4. Large data security implications
Ensure large data security, that is, the security of large data itself
Large data security differs from relational data security, and large data is significantly different from relational data in data volume, structure type, processing speed, value density and data storage, query mode and analysis application. Large data means the distribution of data and its carrying system, the value of individual data and system is reduced, the space and time span, and the value is sparse, which makes it more difficult for external personnel to find value attack points. However, it is very difficult to be completely centralized in a large data environment. As long as the presence of the center can become the acupuncture of the attack, the process of refining the low density value is also the content of the attraction attack.

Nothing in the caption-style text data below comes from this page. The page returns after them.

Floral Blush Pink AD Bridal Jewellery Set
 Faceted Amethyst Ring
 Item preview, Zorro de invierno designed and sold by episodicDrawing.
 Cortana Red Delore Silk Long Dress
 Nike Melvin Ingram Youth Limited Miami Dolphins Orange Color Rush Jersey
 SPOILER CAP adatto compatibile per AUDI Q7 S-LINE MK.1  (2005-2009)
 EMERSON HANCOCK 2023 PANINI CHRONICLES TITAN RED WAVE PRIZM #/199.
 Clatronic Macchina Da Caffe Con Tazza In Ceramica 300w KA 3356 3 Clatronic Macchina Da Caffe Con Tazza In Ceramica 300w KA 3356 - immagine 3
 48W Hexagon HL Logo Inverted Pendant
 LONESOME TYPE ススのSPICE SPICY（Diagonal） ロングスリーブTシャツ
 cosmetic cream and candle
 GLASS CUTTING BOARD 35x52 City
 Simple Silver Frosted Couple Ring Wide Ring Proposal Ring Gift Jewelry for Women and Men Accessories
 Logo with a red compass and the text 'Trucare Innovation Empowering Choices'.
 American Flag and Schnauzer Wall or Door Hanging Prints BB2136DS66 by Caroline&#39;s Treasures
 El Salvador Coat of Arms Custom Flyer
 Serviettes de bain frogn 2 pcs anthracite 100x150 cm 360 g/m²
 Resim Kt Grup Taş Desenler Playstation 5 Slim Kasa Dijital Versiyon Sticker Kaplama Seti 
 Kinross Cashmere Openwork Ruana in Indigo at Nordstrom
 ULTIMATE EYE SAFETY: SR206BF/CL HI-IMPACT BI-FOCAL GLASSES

For these issues, the monitoring, analysis log files, data discovery, and vulnerability assessment techniques used by traditional security products do not work effectively in large data environments. In many traditional security technology scenarios, the size of the data will affect the security control or the proper operation of the supporting operations. Most security products cannot be adjusted to meet large data areas or fully understand the information they face. Moreover, in the large data age there will be more and more data open, cross use, in the process of how to protect user privacy is the most need to consider the issue.
In order to solve the security problem of large data, it is necessary to redesign and construct large data security architecture and open data service to deploy the whole security solution from the aspects of network security, data security, disaster backup, security risk management, security operation Management, security Incident management, security management, etc. Guarantee the security of large data calculation process, data form and application value.